Pots!! Nothing more to say as Pots says it all.

Many many years ago when I was a teenager I was really excited about my first Valentine's Day in a relationship. I bought a card and present and baked a chocolate cake for my beloved. He turned up empty handed and accepted the fuss as his due.
My mum had a quiet word and he disappeared off to the only shop open on a Sunday in those days and came back with one of the few left - which were all large, and ludicrously expensive; a fact that he whined on about for the last few weeks I could actually put up with him.

Last valentines I got given a hammer drill and spare parts to a washing machine I have never owned! Truly special! Thanks darling!

i was given a scratch card as a gift by my boyfriend. it didnt even win it was horrendous.

My past boyfriend had invited me round to his so that he could cook me a romantic meal. He then found out he had to babysit and we had to cancel our plans. Around 10pm I heard a knock... he had come round after all to surprise me! How romantic I thought... I then realised he was wasted. Quite shortly after this realisation he vomited all over my doorstep. Happy Valentines day!

well i have been with my partner for 8 years and i don't get anything on valetines day, or mothers day and very occasionally on my birthday, but this year he surprised me with a mug so i suppose it's a start lol x

After preparing a romantic room filled with heart shaped jelly beans, valentine's day card, heart shaped candles, valentine's gifts, rose petals, the works! I receive nothing.... My new boyfriend treats me well though and it's out first one together on Tuesday. Can't wait!

My wife got me an assisted skydive for Valentines day as I'd mentioned once when drunk it would be cool to do.
I spent the full morning being physically sick with nerves then bad weather postponed it to the following day rendering me too ill to even face the romantic meal we'd booked that night....

A tattoo for me, after we'd broken up, cringe!!!
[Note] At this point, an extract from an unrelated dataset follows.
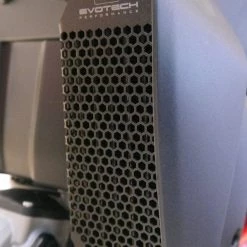 DUCATI Monster 797 2017+ Oil Cooler Guard Protection By Evotech Performance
Last year i was expecting something a little special as we were due to become husband and wife that year and thought he would make it a extra special valentines day before we tied the knot. My heart raced when my husband to be suggested we go outside to see what he had bought me for valentines day, i was sooooo excited with thoughts of the new mini id always wanted, or a little puppy only to find him stand in front of our corsa and say " da daaaa, i put some thought into it and had the best new tyres put on" he knew i needed 2 new front tyres for my car but then to put them on as a valentines gift and he thought he'd done so well that year! im hoping our first valentines as being newly weds won't mean i get the windscreen wipers i

a minefield time of the year. Every relationship I have being in has failed to survive it.
Every girl I have ever dated has told me how she finds valentines to be nothing more than an excuse for companies to cash in on our sentiment. How it's tacky and cheap and how they want nothing to do with it. I would listen and agree and the day would pass with perhaps a late pint down in the pub where we would both make fun of the smooching, deluded couples all around us. Yes, I know, big mistake.

About two after it would inevitably come up how unromantic I was and how when she said that she didn't want to do anything for it, that of course she actually did! "A gesture would have being nice!!"

Every year or so there would be a new girlfriend and every year I would convince myself that this one really didn't want anything to do with the whole occasion, with depressingly predictable results further down the line.

Anyways, I've learned from my mistake and this year I met a new girl who was toeing the party line by saying it's a big con/ corporate/ cheesy etc but even though I pretended I was agreeing with her, secretly I was hatching plans for the most romantic weekend ever!

I had arranged a weekend away in the Cotswolds in a small, romantic guesthouse at considerable expense. I was going to surprise her tomorrow and we were going to drive down. i had even rented a car, organized some horse riding, the full romantic package.
She told me yesterday that she is going to Amsterdam to get stoned with her friend for the weekend. She said she may even try and take in a sex show. I'll spend Sunday watching Bridget Jones one and two, alone under my duvet, making sure not to get brownie crumbs all over my bed.